Laboratory reports from the country of origin should not necessarily be considered reliable.
Internationally adopted infants and children frequently are underimmunized and should receive necessary immunizations according to the ACIP-recommended schedules in the United States. In a retrospective review of records of 504 children, the majority (65%) had no written records of overseas vaccination. Among the 178 children with documented overseas vaccination, 167 (94%) had valid records and some vaccine doses that were acceptable and up to date under the U.S. schedule. In assessing the immunization status of an internationally adopted child, only written documentation should be accepted as proof of receipt of immunization. In general, written records are deemed valid if the vaccine type, date of administration, number of doses, intervals between doses, and age of the patient at the time of administration are comparable with the current U.S. schedule.

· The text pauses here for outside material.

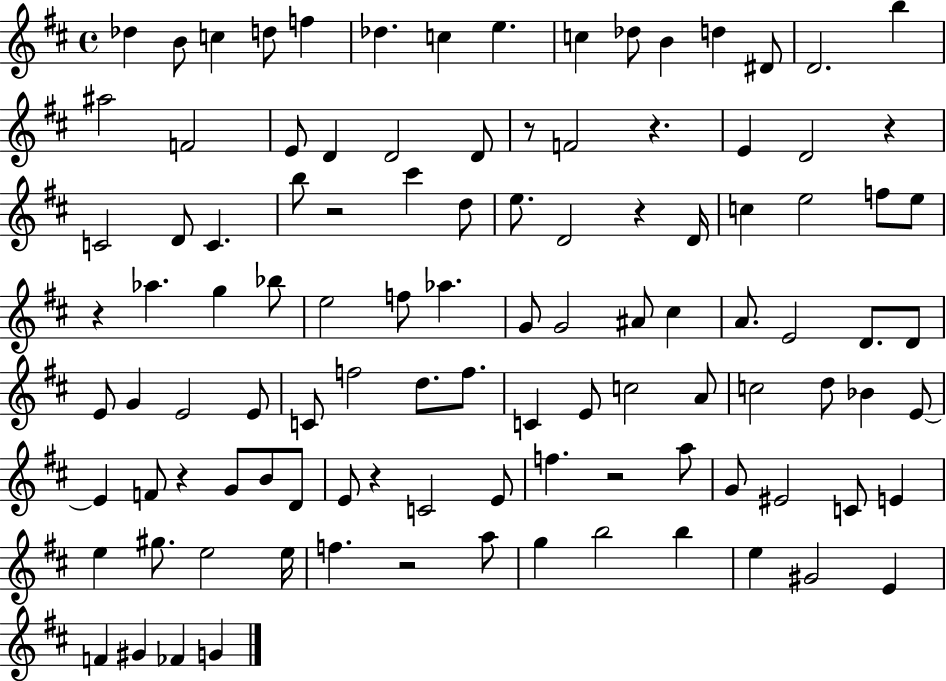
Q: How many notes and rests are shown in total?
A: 107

Although some vaccines with inadequate potency have been produced in other countries, most vaccines used worldwide are produced with adequate quality control standards and are reliable. However, immunization records for some internationally adopted children, particularly those from orphanages, may not reflect protection because of inaccurate or unreliable records, lack of vaccine potency, poor nutritional status, or other problems. For any child, if there is any question as to whether the immunizations were administered or were immunogenic, the best course is to repeat them. Vaccination is generally safe and avoids the need to obtain and interpret serologic tests.

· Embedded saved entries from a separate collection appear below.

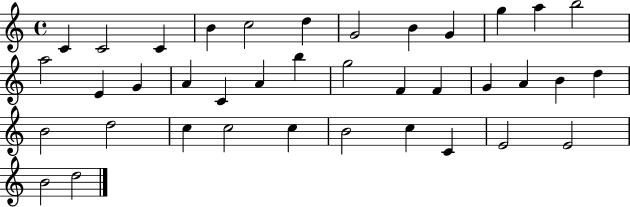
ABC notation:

X:1
T:Untitled
M:4/4
L:1/4
K:C
C C2 C B c2 d G2 B G g a b2 a2 E G A C A b g2 F F G A B d B2 d2 c c2 c B2 c C E2 E2 B2 d2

In an older infant or child who is thought to have been vaccinated appropriately, judicious use of serologic testing can be helpful in determining which immunizations may be needed and can decrease the number of injections required. Children who do not have serologic evidence of previous hepatitis B infection should receive the full vaccine series. Many adopted children acquire hepatitis A virus infection early in life and are immune thereafter. Thus, in the United States it may be cost effective to screen these children for previous immunity before initiating the vaccination series. Verification of protection from MMR vaccine requires testing for antibodies to each virus. Serology is of limited availability or difficult to interpret for Haemophilus influenzae type b (Hib) and poliovirus. Vaccination for these, as well as varicella and pneumococcal disease, which are not administered in most countries, should be administered to internationally adopted children based on age and medical history.
Data indicate increased risk of local adverse reactions after the fourth and fifth doses of DTP or DTaP. In some circumstances, judicious use of serologic testing of antibody levels to assess immunity may be helpful in decreasing the possibility of vaccine side effects. For children whose records indicate that they have received more than 3 doses, options include initial serologic testing or administration of a single booster dose of DTaP, followed by serologic testing after 1 month. If a severe local reaction occurs after revaccination, serologic testing for specific IgG antibody to tetanus and diphtheria toxins can be measured before additional doses are administered. No established serologic correlates exist for protection against pertussis, but protective concentrations of antibody to both diphtheria and tetanus toxin can serve to validate the vaccination record.